Not everyone associated with Heritage is showing the same love to the former British colony. Hong Kong has the world’s most-unaffordable housing market(PDF), according to a newly released survey by Demographia, a consulting firm from Belleville, Ill., that describes itself as “‘pro-choice’ with respect to urban development.” Demographia is affiliated with Wendell Cox Consultancy, founded in 1985 by Wendell Cox, an adjunct scholar at the Cato Institute and a visiting fellow at Heritage, the Washington think tank run by Jim DeMint, the former Republican senator whom Bloomberg Businessweek has called the Congressional Republicans’ Shadow Speaker.

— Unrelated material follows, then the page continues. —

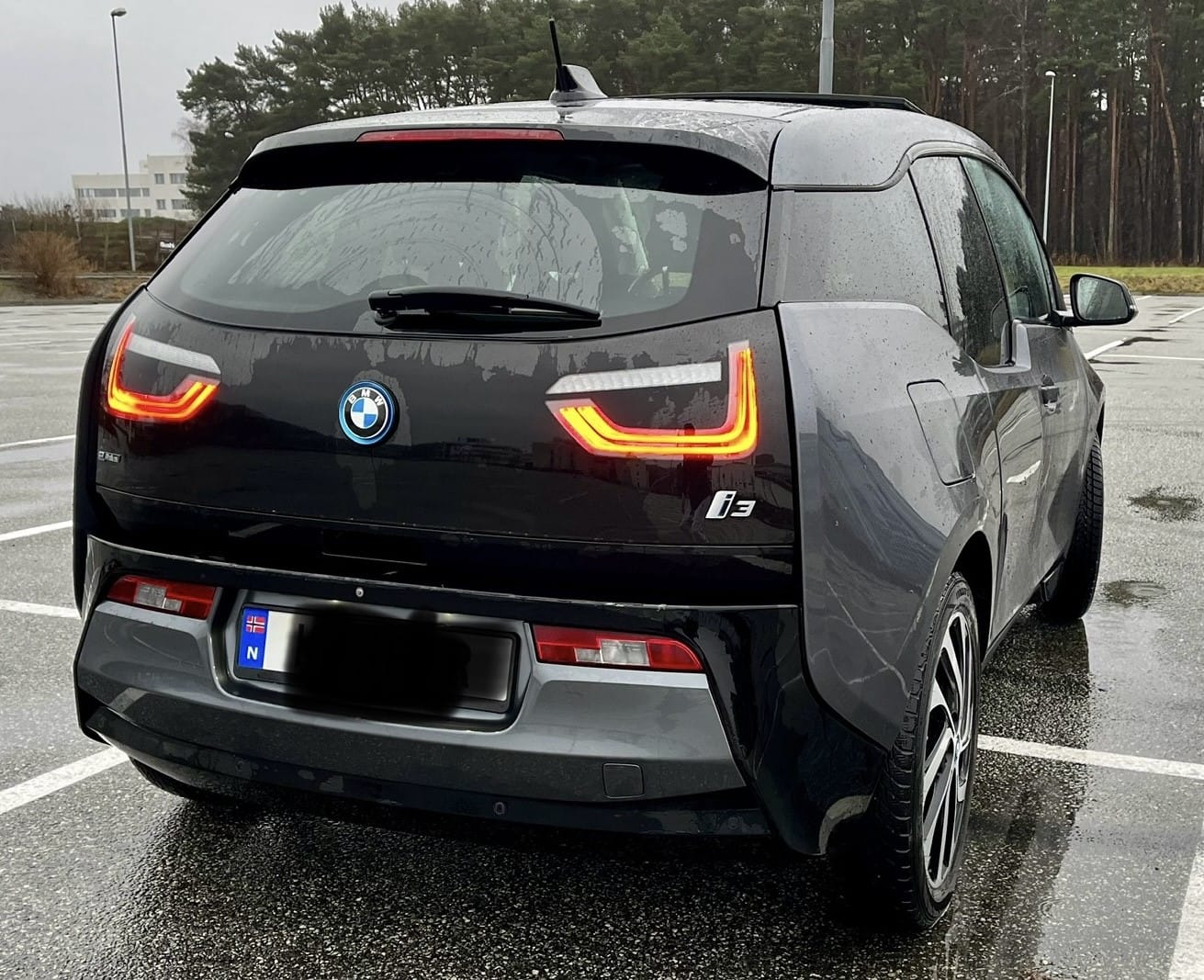 BMW i3 Fully Charged, 94 AH, NEDC 300 KM med GPS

This is the fourth consecutive year Hong Kong has topped Demographia’s report, which looks at property markets in 360 metropolitan areas in the U.S., as well as Australia, Britain, Canada, Hong Kong, Ireland, Japan, New Zealand, and Singapore. Worse, Hong Kong is now so off the charts—with the median home price jumping to 14.9 times gross annual median household income—that it’s in a class by itself. “Hong Kong has the most unaffordable Median Multiple in the history of the Demographia International Housing Affordability Survey,” according to the report. To give a sense of how expensive Hong Kong is, second-place Vancouver comes in with a multiple of 10.3. Just before the Great Recession hit the U.S., Los Angeles reached 11.5 in 2007.

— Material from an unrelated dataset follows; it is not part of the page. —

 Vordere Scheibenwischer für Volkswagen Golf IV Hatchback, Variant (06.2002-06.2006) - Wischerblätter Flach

Given the role that the Hong Kong government plays in the property market, it’s a wonder that more conservatives don’t speak out. Hong Kong’s government restricts the ability of companies to develop new projects and maintains a tight grip on the supply of government-owned land it tenders out to the private sector.

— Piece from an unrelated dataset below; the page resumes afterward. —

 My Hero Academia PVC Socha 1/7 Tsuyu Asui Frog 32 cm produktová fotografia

Hong Kong’s big rival to the south, Singapore, fares better in the report, with a median multiple of 5.1. The Lion City is “severely unaffordable” according to Demographia’s standards, but is still much cheaper than Hong Kong. Notably, “Singapore has a housing stock generally similar to that of Hong Kong, less developable land, larger houses and a Median Multiple approximately two-thirds lower,” the report says.
In part, that’s because Singapore’s government has “focused on maintaining an adequate supply of affordable housing,” the Demographia report adds. The home-ownership rate in Singapore is 88 percent, the highest of any of the cities surveyed by Demographia.
The Hong Kong government is trying to reassure its people that it understands the severity of the problem. New fees designed to discourage purchases by speculators from mainland China have put a damper on the city’s property market, with transactions in 2013 falling to their lowest level since 1996, the year before Britain handed its colony back to China. The property index compiled by Centaline, one of Hong Kong’s leading agents, doubled from 2009 to early last year. Since it hit a record in March 2013, the index has dropped 6 percent.
To address the housing problem, Hong Kong’s government wants to add 470,000 new homes in the next 10 years. That will take time, so in his annual policy address on Jan. 15, Chief Executive Leung Chun-ying promised faster action for some of the Special Administrative Region’s poorest, with the government increasing aid to about 200,000 low-income families. Leung’s predecessors have had little success at restoring affordability to Hong Kong’s housing market. In the speech, he warned that meeting the 470,000 target will be a “tall order.”